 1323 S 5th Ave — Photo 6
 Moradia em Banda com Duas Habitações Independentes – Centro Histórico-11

════

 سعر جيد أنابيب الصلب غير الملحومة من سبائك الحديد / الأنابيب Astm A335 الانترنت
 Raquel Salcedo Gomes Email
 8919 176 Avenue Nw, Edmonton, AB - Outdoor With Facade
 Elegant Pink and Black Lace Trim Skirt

════

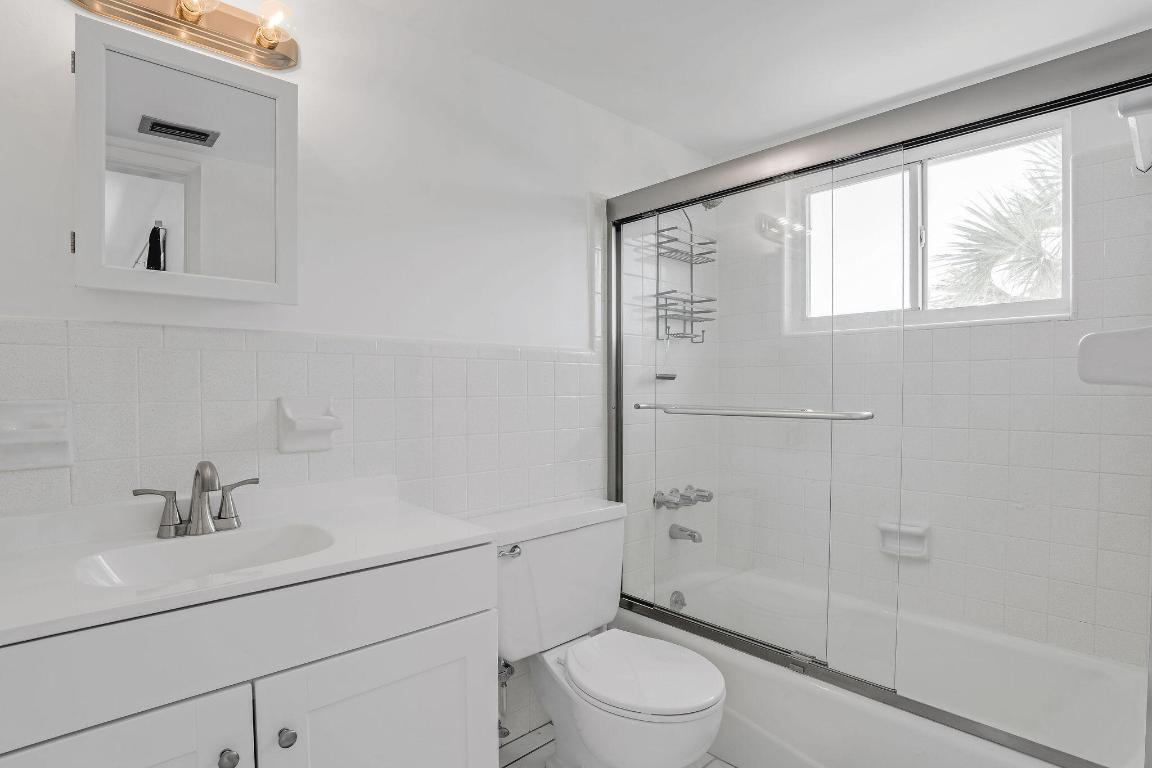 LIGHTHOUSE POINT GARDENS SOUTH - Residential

════

**ACTIVITY**
Take exactly the lines from the one containing "1323 S 5th Ave — Photo 6" through the one containing "Moradia em Banda" in the data above, and output them with nothing added.

**RESPONSE AREA**
 1323 S 5th Ave — Photo 6
 Moradia em Banda com Duas Habitações Independentes – Centro Histórico-11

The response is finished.